*TASK BRIEF*
Set down all the entries again, word for word.

(Beginning of SOURCE DATA)

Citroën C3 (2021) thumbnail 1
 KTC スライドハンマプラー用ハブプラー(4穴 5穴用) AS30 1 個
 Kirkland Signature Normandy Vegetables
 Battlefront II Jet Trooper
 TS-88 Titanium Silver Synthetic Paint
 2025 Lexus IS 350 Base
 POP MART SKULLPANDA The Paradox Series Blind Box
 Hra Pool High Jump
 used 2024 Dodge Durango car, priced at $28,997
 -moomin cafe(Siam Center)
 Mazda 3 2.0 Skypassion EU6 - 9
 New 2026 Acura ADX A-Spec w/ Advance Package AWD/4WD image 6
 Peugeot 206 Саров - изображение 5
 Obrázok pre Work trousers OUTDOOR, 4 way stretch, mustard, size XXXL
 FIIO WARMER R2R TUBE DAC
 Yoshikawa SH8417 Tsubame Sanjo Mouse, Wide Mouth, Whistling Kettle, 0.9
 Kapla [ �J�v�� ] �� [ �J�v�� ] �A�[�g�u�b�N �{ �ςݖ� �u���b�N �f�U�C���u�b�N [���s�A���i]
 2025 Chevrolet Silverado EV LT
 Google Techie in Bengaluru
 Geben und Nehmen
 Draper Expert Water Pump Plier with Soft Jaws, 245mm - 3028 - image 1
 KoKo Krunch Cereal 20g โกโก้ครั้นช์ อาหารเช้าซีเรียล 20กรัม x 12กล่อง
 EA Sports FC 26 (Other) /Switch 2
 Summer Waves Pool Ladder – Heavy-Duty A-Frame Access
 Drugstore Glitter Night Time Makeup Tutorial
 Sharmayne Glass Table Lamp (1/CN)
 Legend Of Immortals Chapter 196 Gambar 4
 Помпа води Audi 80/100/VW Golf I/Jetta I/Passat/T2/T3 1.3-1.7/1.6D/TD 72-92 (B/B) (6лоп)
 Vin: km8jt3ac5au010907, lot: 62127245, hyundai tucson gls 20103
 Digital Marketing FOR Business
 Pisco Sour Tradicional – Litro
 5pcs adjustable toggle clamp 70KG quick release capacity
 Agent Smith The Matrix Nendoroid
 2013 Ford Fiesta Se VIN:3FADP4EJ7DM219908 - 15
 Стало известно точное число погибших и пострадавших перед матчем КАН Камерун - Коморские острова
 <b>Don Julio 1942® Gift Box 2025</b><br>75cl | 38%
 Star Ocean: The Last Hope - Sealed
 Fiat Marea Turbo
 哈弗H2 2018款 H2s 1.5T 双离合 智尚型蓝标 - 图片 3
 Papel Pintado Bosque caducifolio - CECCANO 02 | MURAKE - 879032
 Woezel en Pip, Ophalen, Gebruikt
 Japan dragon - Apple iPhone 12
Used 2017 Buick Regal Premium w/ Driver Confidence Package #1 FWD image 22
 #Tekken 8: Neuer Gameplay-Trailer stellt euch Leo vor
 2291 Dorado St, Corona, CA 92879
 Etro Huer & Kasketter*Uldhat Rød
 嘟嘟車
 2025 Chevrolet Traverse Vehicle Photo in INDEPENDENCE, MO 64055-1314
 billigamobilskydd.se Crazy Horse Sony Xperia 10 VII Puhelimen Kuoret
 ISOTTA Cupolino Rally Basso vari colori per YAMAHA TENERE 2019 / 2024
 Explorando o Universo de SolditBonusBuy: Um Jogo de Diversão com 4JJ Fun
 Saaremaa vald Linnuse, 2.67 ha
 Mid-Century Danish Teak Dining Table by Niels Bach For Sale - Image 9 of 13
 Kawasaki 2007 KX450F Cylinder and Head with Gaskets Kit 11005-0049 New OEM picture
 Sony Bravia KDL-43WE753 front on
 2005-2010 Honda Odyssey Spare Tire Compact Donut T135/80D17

(End of SOURCE DATA)

*WRITTEN SOLUTION*
Citroën C3 (2021) thumbnail 1
 KTC スライドハンマプラー用ハブプラー(4穴 5穴用) AS30 1 個
 Kirkland Signature Normandy Vegetables
 Battlefront II Jet Trooper
 TS-88 Titanium Silver Synthetic Paint
 2025 Lexus IS 350 Base
 POP MART SKULLPANDA The Paradox Series Blind Box
 Hra Pool High Jump
 used 2024 Dodge Durango car, priced at $28,997
 -moomin cafe(Siam Center)
 Mazda 3 2.0 Skypassion EU6 - 9
 New 2026 Acura ADX A-Spec w/ Advance Package AWD/4WD image 6
 Peugeot 206 Саров - изображение 5
 Obrázok pre Work trousers OUTDOOR, 4 way stretch, mustard, size XXXL
 FIIO WARMER R2R TUBE DAC
 Yoshikawa SH8417 Tsubame Sanjo Mouse, Wide Mouth, Whistling Kettle, 0.9
 Kapla [ �J�v�� ] �� [ �J�v�� ] �A�[�g�u�b�N �{ �ςݖ� �u���b�N �f�U�C���u�b�N [���s�A���i]
 2025 Chevrolet Silverado EV LT
 Google Techie in Bengaluru
 Geben und Nehmen
 Draper Expert Water Pump Plier with Soft Jaws, 245mm - 3028 - image 1
 KoKo Krunch Cereal 20g โกโก้ครั้นช์ อาหารเช้าซีเรียล 20กรัม x 12กล่อง
 EA Sports FC 26 (Other) /Switch 2
 Summer Waves Pool Ladder – Heavy-Duty A-Frame Access
 Drugstore Glitter Night Time Makeup Tutorial
 Sharmayne Glass Table Lamp (1/CN)
 Legend Of Immortals Chapter 196 Gambar 4
 Помпа води Audi 80/100/VW Golf I/Jetta I/Passat/T2/T3 1.3-1.7/1.6D/TD 72-92 (B/B) (6лоп)
 Vin: km8jt3ac5au010907, lot: 62127245, hyundai tucson gls 20103
 Digital Marketing FOR Business
 Pisco Sour Tradicional – Litro
 5pcs adjustable toggle clamp 70KG quick release capacity
 Agent Smith The Matrix Nendoroid
 2013 Ford Fiesta Se VIN:3FADP4EJ7DM219908 - 15
 Стало известно точное число погибших и пострадавших перед матчем КАН Камерун - Коморские острова
 <b>Don Julio 1942® Gift Box 2025</b><br>75cl | 38%
 Star Ocean: The Last Hope - Sealed
 Fiat Marea Turbo
 哈弗H2 2018款 H2s 1.5T 双离合 智尚型蓝标 - 图片 3
 Papel Pintado Bosque caducifolio - CECCANO 02 | MURAKE - 879032
 Woezel en Pip, Ophalen, Gebruikt
 Japan dragon - Apple iPhone 12
Used 2017 Buick Regal Premium w/ Driver Confidence Package #1 FWD image 22
 #Tekken 8: Neuer Gameplay-Trailer stellt euch Leo vor
 2291 Dorado St, Corona, CA 92879
 Etro Huer & Kasketter*Uldhat Rød
 嘟嘟車
 2025 Chevrolet Traverse Vehicle Photo in INDEPENDENCE, MO 64055-1314
 billigamobilskydd.se Crazy Horse Sony Xperia 10 VII Puhelimen Kuoret
 ISOTTA Cupolino Rally Basso vari colori per YAMAHA TENERE 2019 / 2024
 Explorando o Universo de SolditBonusBuy: Um Jogo de Diversão com 4JJ Fun
 Saaremaa vald Linnuse, 2.67 ha
 Mid-Century Danish Teak Dining Table by Niels Bach For Sale - Image 9 of 13
 Kawasaki 2007 KX450F Cylinder and Head with Gaskets Kit 11005-0049 New OEM picture
 Sony Bravia KDL-43WE753 front on
 2005-2010 Honda Odyssey Spare Tire Compact Donut T135/80D17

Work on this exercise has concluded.